[Input data Boundary: Start]

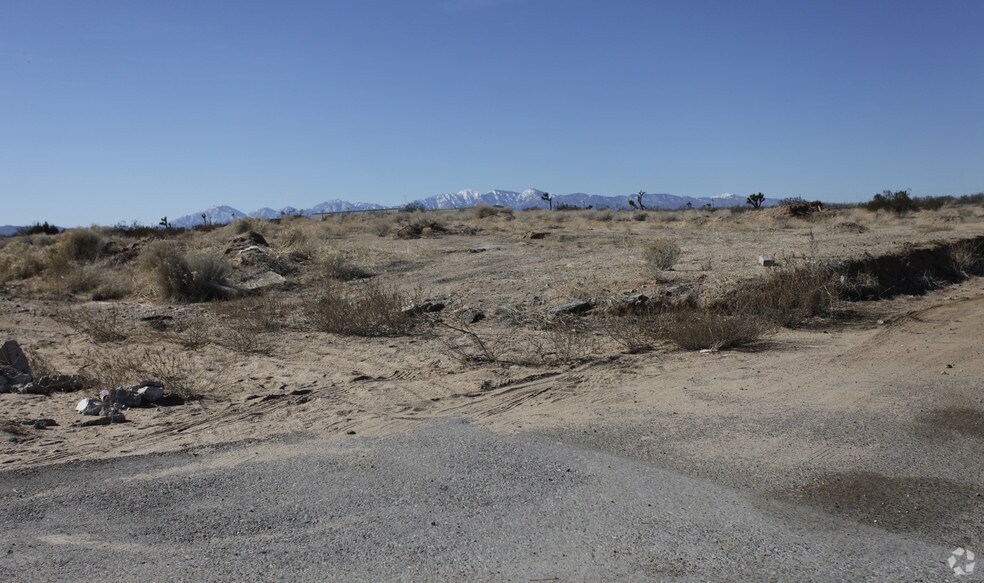 N E St, Hesperia, CA à vendre - Photo principale – Image 1 sur 17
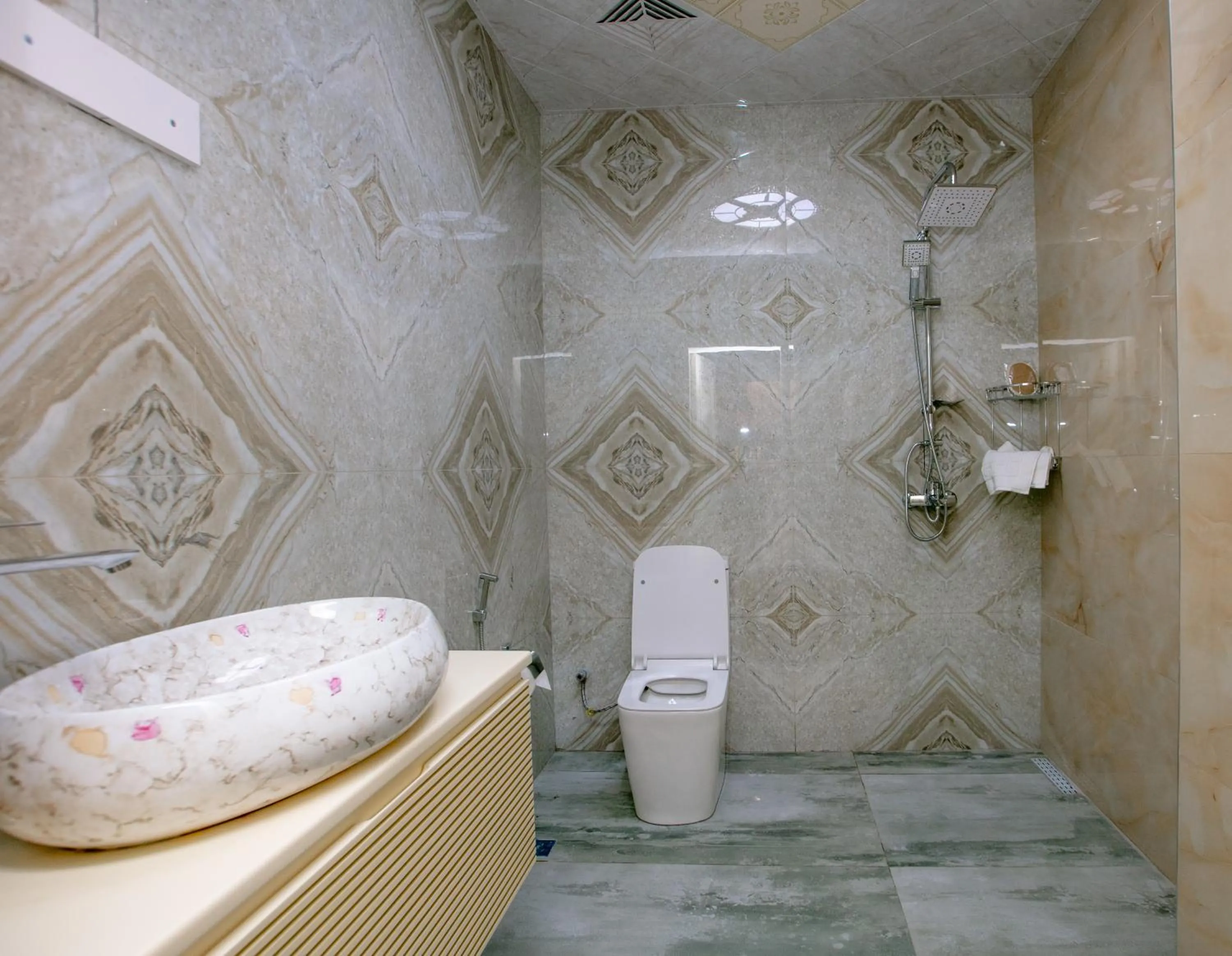 Bathroom in Nohur Hotel Gabala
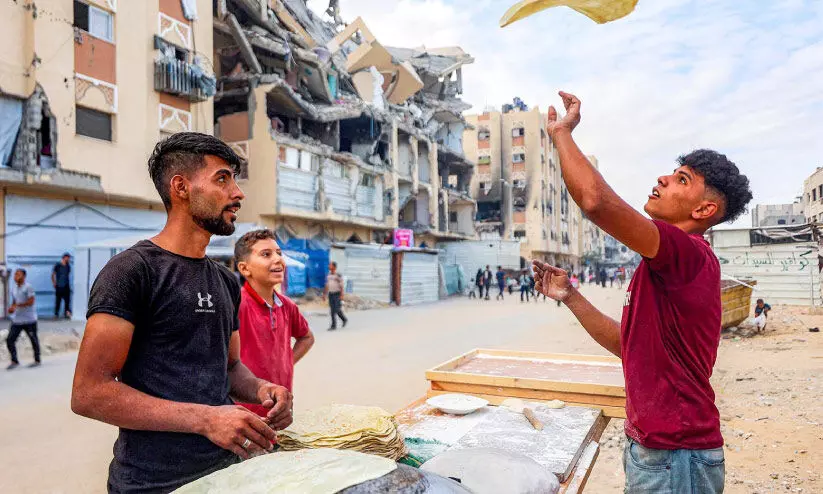 പിന്നെയും പൂജ്യത്തിൽ പിന്നെയും പൂജ്യത്തിൽ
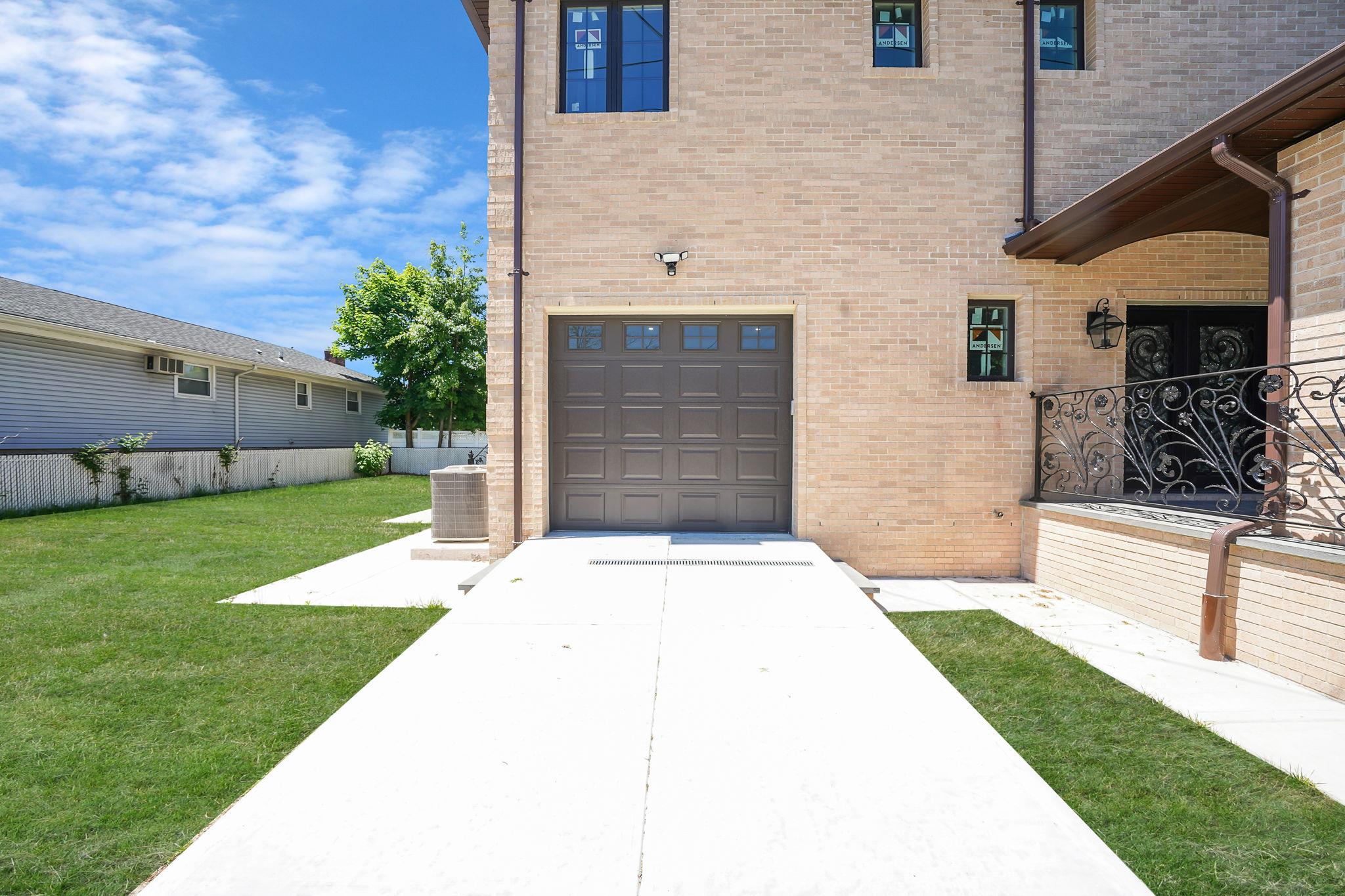 #8 photo, 261-16 E Williston Avenue, كوينز Floral Park , NY 1001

[Input data Boundary: End]

### Task item
Beginning with the line where "Bathroom in Nohur Hotel Gabala" appears, reproduce every remaining line of the listing above, the last one included, but none of the pictures.

### Written solution
 Bathroom in Nohur Hotel Gabala
 പിന്നെയും പൂജ്യത്തിൽ പിന്നെയും പൂജ്യത്തിൽ
 #8 photo, 261-16 E Williston Avenue, كوينز Floral Park , NY 1001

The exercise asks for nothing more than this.